The big day finally arrived—Brian’s wedding! The few days leading up to it were a bit harried as there were a bunch of errands and social ENGAGEMENTS that we had previously COMMITTED to (theme! Get it? Ok, I’ll stop). Add to the mix drama with an eBay dress, scheduling miscues and helping AJ pack for Asia made for an interesting and busy weekend.

But naturally, the highlight was attending the wedding. It was a hot, beautiful day, and I almost sweated off all of my makeup on the drive there. Beautiful! Thank goodness for smudge/waterproof eye makeup. (This would prove to be a popular refrain on numerous occasions during the night.) The reception hall was really nice—not in the least bit gaudy, which is what I expected from the hall’s exterior. Brian and Ali had both their ceremony and reception at the hall, which was super convenient. The chupah was beautiful—all white gauzy chiffon. When Brian and Ali took their places before the rabbi and the cantor, backlit by the camera lights, there was a definite sense of peace and calm. The most moving parts of the ceremony was seeing Mrs. Lee, Mrs. Goldenberg and Ali walk slowly around Brian three times and hearing the cantor and Ali’s brother sing out the blessings to the couple. Because of these moments, there was such an Old World feeling to the entire ceremony. I know it’s cheesy, but you could really feel a sense of history and depth to the proceedings, especially when the cantor sung—his voice melancholy, solemn, pleading. How many generations before Brian and Ali have done this? In dark and in light, here and away. For the first time I felt the weight and beauty of the Jewish faith and it was…amazing. I hope I never forget this.







The reception was really fun—these families know how to throw a party! It actually outclassed the HQN Christmas party, by far. The band was amazing—Rob and Christina got their card (wedding-to-be in July ’07!); Earth Wind and Fire never sounded so good! And there was so much food. [AJ, the prime rib was the size of Kathy’s head! No joke! I chose to eat that (well attempted to finish, at least) instead of the chicken, which I gave to Leo. I know you’d be proud =)]

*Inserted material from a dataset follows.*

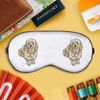 'Cavapoo' Sleep/Travel Eye Mask (EY00011684)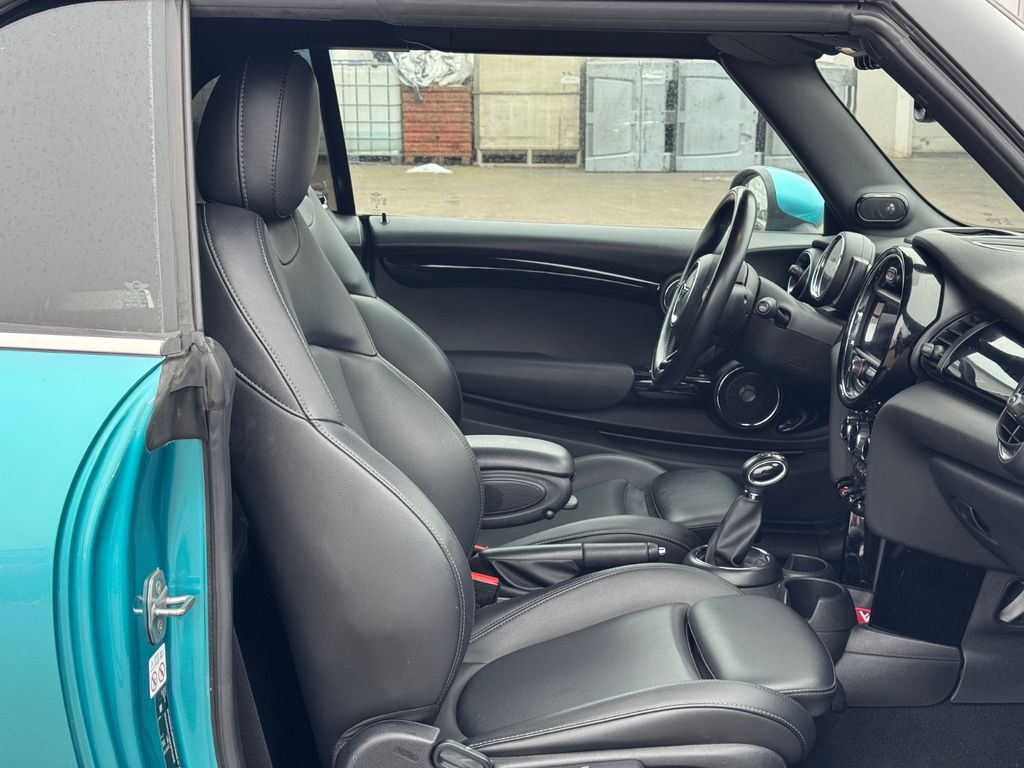 MINI Cooper 2019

It felt a bit surreal to be with everyone again. It really was like prom, but the grown-up version. It was kind of bittersweet to think that at this happy event, this could be the last time everyone would be together, these people that I shared the majority of my teenage years with. Everyone looked so beautiful and handsome. And happy. I wish wish WISH I could say it was a perfect night, but it wasn’t. I didn’t feel that constant joy or spirit of celebration. I actually felt a bit wistful for a few moments because I felt a bit distant from everything, like sometimes I was just…watching this event unfold in front of me. I caught myself a number of times comparing people to their high-school selves. I remember you... How grown-up you are. And maybe that’s why my emotions have been so exaggerated as of late. I don’t fit in the same spaces that I used to (and I don’t mean winter weight!), and it’s unnerving; I’m out-of-sync with everyone else. Am I not trying hard enough? Maybe. Probably? I miss Liz. I miss Kartik. I miss the guaranteed ease of friendship. Everything feels too close to the surface, and I’ve been getting weepy over the smallest things. After I left the airport Sunday morning, I had to listen to AJ’s voice message seven times before I could stop crying. Ridiculous! I sound crazy. (But I really miss you and it’s only been a day and a half.)

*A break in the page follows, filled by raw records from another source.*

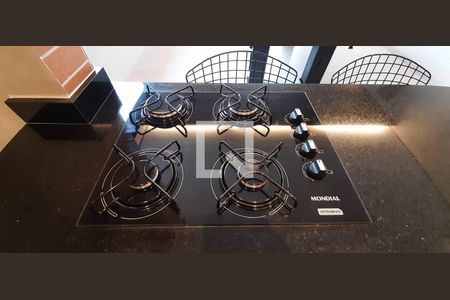 Apartamento à venda com 64m², 2 quartos e 1 vagaÁrea comum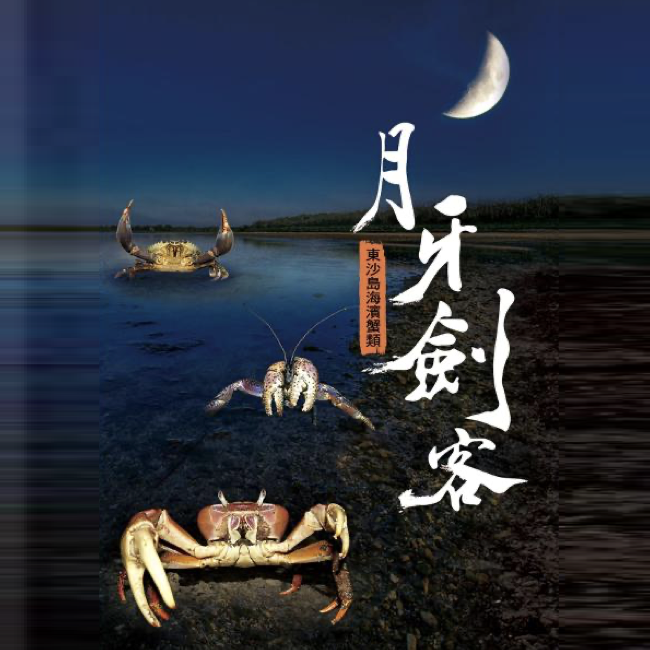 月牙劍客 月牙劍客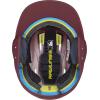 image:imageRawlings  MACH Baseball Batting Helmet  Matte  JR amp SR Sizes  Multiple ColorsMatte Maroon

Ugh, this entry has become depressing. Well, here’s the high note: Brian is married! To his beloved Ali, and I have a sneaking suspicion they’ll make it. Brian looked so happy, and it didn’t faze me to think of him as a married man (the ring looked odd on his finger though… probably because it looked fake!). I’m really happy for him. I don’t think I can ever get married though. Weddings are… for lack of a better word, INTENSE. all in all, the wedding was a blast =) congratulations mr & mrs. b. goldenberg!












And I’ve learned my lesson: I won’t buy another dress off of eBay… for the time being.